DATA FOR THIS TASK:
——

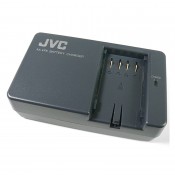 JVC batterilader til GY-HM100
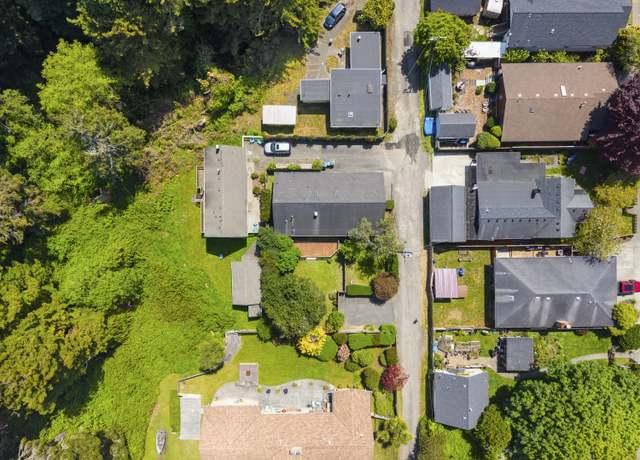 Property at 3424 N St, Eureka, CA 95503, 4 beds, 2 baths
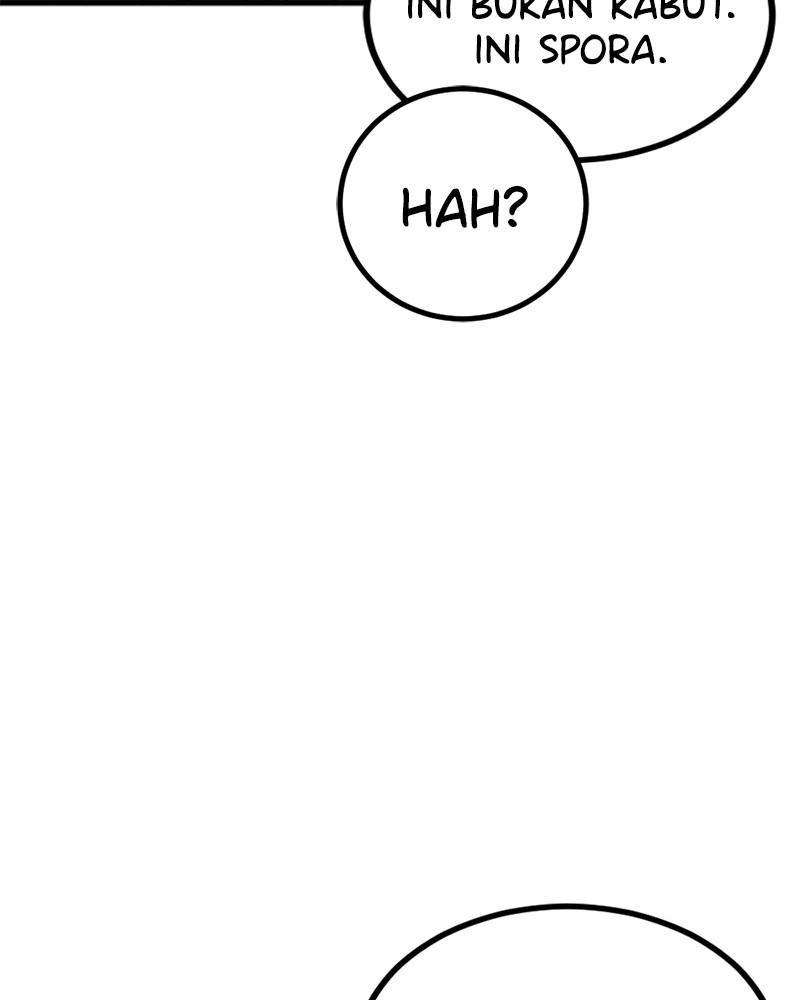 Hero Killer Chapter 128 Gambar 117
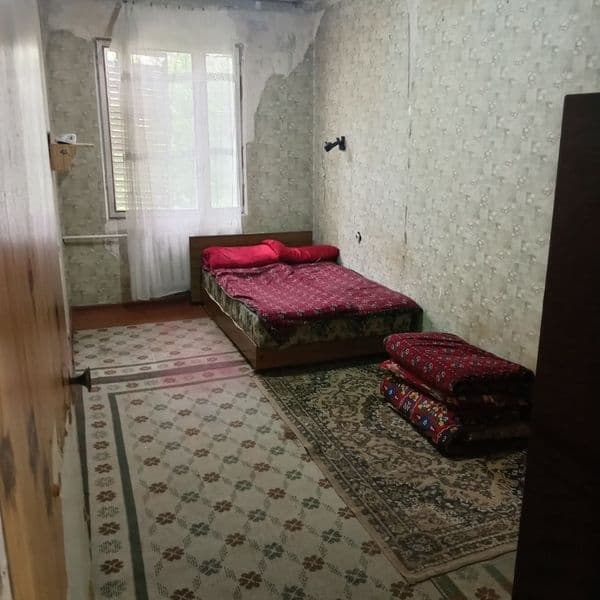 #CHILONZOR 16 кvartal <br />
Arintir Metro<br />
3/hona 4/et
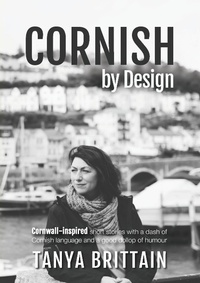Abbildung von: Cornish by Design - TCR Music | Trelawny's Reach Publishing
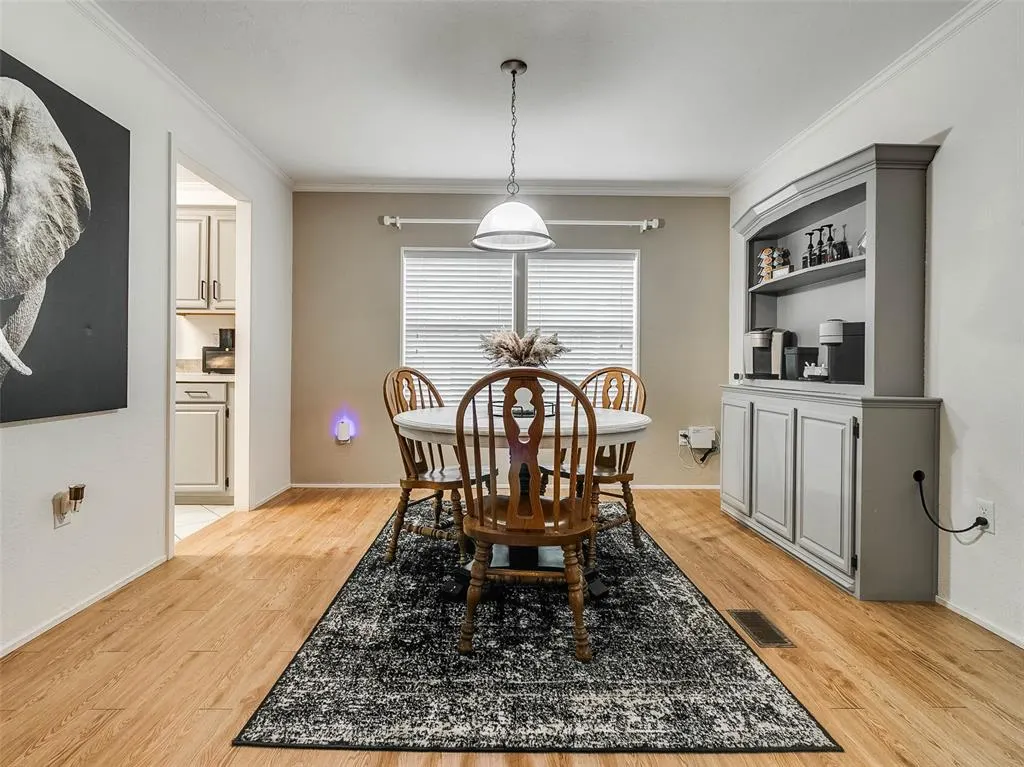 Photo 23 — 20 CLEASON Avenue, Davenport, OK 74026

——

PROBLEM DETAILS: Reproduce the listing in full and exactly, excluding any pictures it holds.

ANSWER TO THIS TASK:
 JVC batterilader til GY-HM100
 Property at 3424 N St, Eureka, CA 95503, 4 beds, 2 baths
 Hero Killer Chapter 128 Gambar 117
 #CHILONZOR 16 кvartal <br />
Arintir Metro<br />
3/hona 4/et
Abbildung von: Cornish by Design - TCR Music | Trelawny's Reach Publishing
 Photo 23 — 20 CLEASON Avenue, Davenport, OK 74026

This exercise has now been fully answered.